Expected value

\[ E[X] = \sum_x x f(x) \]

 

\[ E[X] = \int_{-\infty}^{+\infty} xf(x)dx \]

Linearity of expectations

Let \(X\) and \(Y\) be random variables, then \(\forall a, b, c \in \mathbb{R}\)

\[ E[aX + bY + c] = a E[X] + bE[Y] + c \]

Variance and standard deviation

  • Variance: \(V[X] = E[(X - E[X])^2]\)

  • Alternative: \(V[X] = E[X^2] - E[X]^2\)

  • Standard deviation: \(\sigma[X] = \sqrt{V[X]}\)

Why do we like the standard deviation?

\[ V[aX] = a^2 V[X] \]

\[ \sigma[aX] = |a| \sigma[X] \]

Measuring fit

\[ MSE = E[(X-c)^2] \]

  • \(E[X]\) minimizes MSE (cf. Theorems 2.1.23 and 2.1.24)

\[ E[(X-c)^2] = V[X] + (E[X]-c)^2 \]

Summarizing joint distributions

Covariance

\[ \text{Cov}[X,Y] = E[(X-E[X])(Y-E[Y])] \]

Correlation:

\[ \rho[X,Y] = \frac{\text{Cov}[X,Y]}{\sigma[X] \sigma[Y]} \]

Variance rule: \(V[X+Y] = V[X] + \color{purple}{2\text{Cov}[X,Y]} + V[Y]\)

Independence

What does it mean for \(X\) and \(Y\) to be independent?

Knowing the outcome of one random variable provides no information about the probability of any outcome for the other.

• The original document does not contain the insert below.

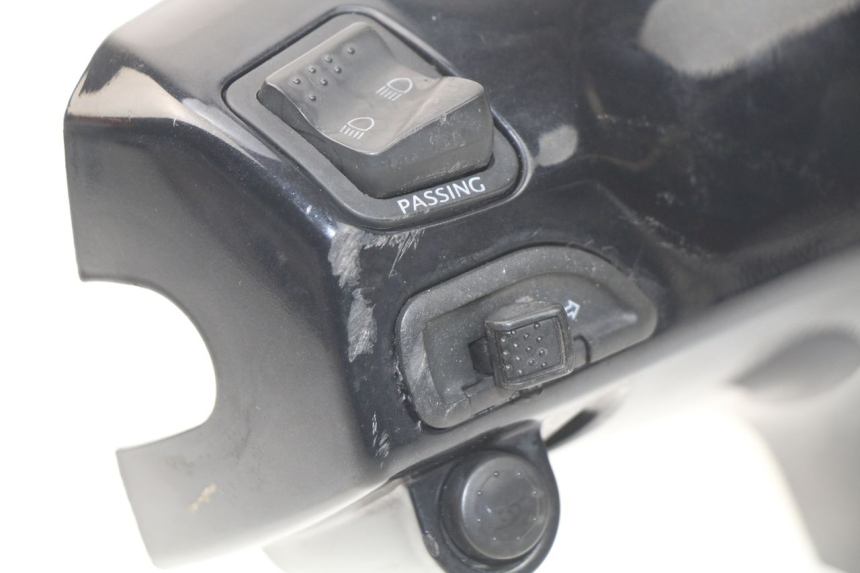 photo de COUVRE GUIDON COMMODO PIAGGIO FLY IE 125 (2012 - 2017) - Vue d’ensemble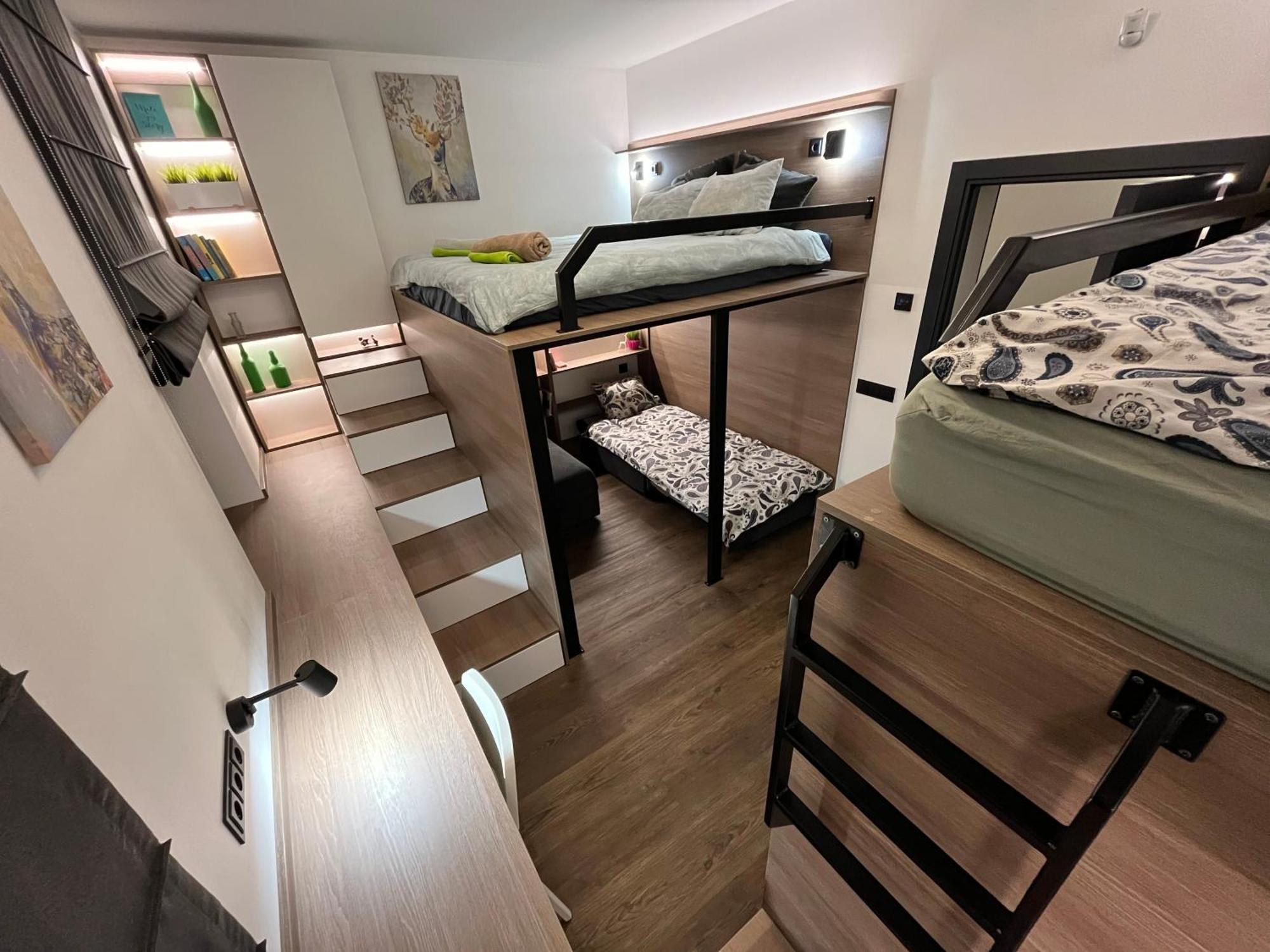 Wooden House Near City Center ريغا المظهر الخارجي الصورة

Consequences of independence

  • \(E[XY] = E[X] E[Y]\)
  • \(\text{Cov} [X,Y] = 0\)
  • \(V[X+Y] =V[X] + V[Y]\)

\(\rho [X,Y] = 0\) \(\not \Rightarrow\) independence

Rank correlation

\(\rho\) is Pearson’s correlation

\[ \rho[X,Y] = \frac{\text{Cov}[X,Y]}{\sigma[X] \sigma[Y]} \]

Spearman’s

\[ r_s = \rho[R[X], R[Y]] = \frac{\text{Cov}[R[X],R[Y]}{\sigma[R[X]] \sigma[R[Y]]} \]

Rank correlation

Kendall’s

\[ \tau = \frac{(\text{# concordant pairs}) - (\text{# discordant pairs})} {(\text{# total pairs})} \]

  • concordant: \(x_i > x_j\) and \(y_i > y_j\) OR \(x_i < x_j\) and \(y_i < y_j\)

  • discordant otherwise

Correlation in R

cor(x, y, method = "pearson") # default

cor(x, y, method = "spearman")

cor(x, y, method = "kendall")

Best (linear) predictor

CEF \(E[Y|X]\) minimizes MSE of \(Y\) given \(X\)

If we restrict ourselves to a linear functional form \(Y = a + bX\), then the following minimize MSE of \(Y\) given \(X\):

  • \(g(X) = \alpha + \beta X\) where
  • \(\alpha = E[Y] - \frac{\text{Cov}[X,Y]}{V[X]}E[X]\)
  • \(\beta = \frac{\text{Cov}[X,Y]}{V[X]}\)